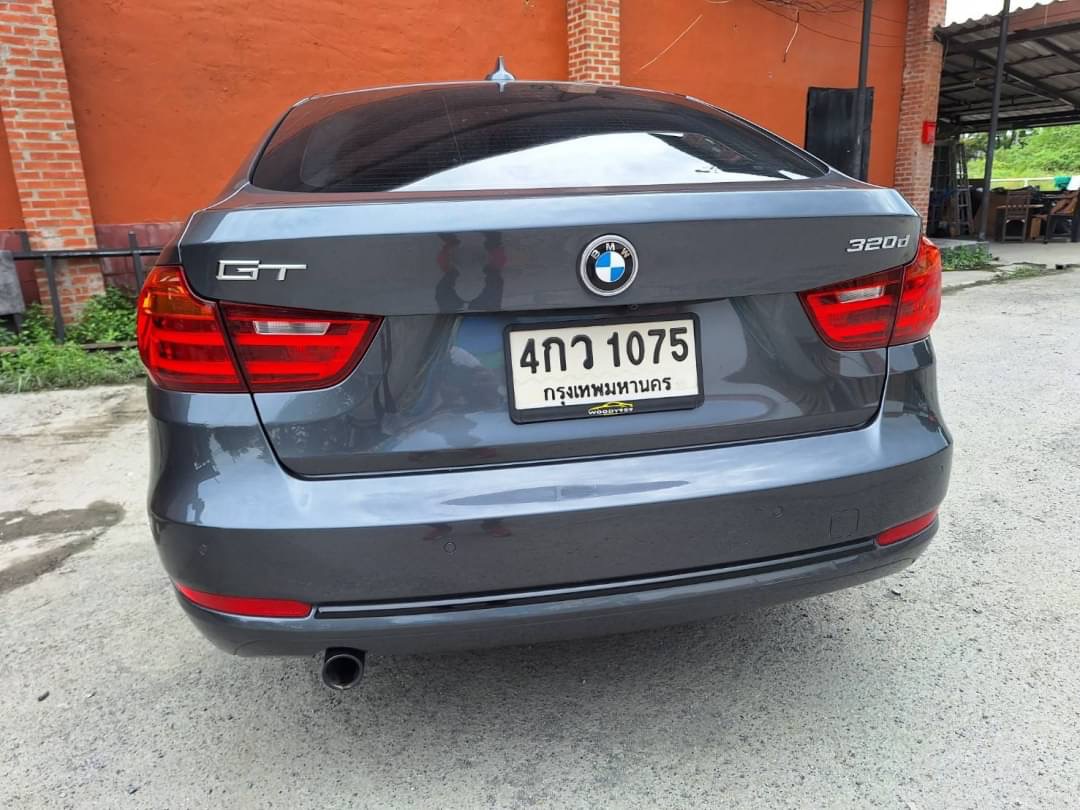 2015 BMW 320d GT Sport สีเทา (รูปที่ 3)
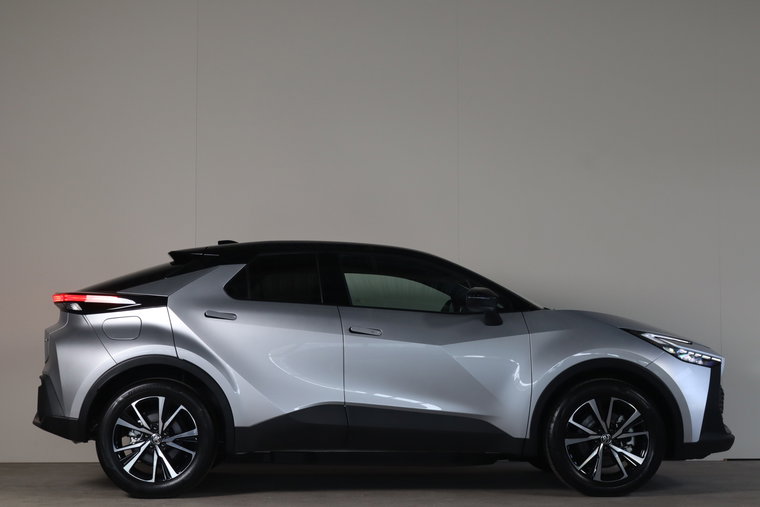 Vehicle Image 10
------------------------------
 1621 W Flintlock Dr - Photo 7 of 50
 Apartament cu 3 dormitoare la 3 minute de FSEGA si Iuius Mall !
------------------------------
*Required action*: Please return the lines above that run from the line containing "1621 W Flintlock Dr - Photo 7 of 50" to the line containing "Apartament cu 3", inclusive, exactly and with no other lines.

*Exercise output*:
 1621 W Flintlock Dr - Photo 7 of 50
 Apartament cu 3 dormitoare la 3 minute de FSEGA si Iuius Mall !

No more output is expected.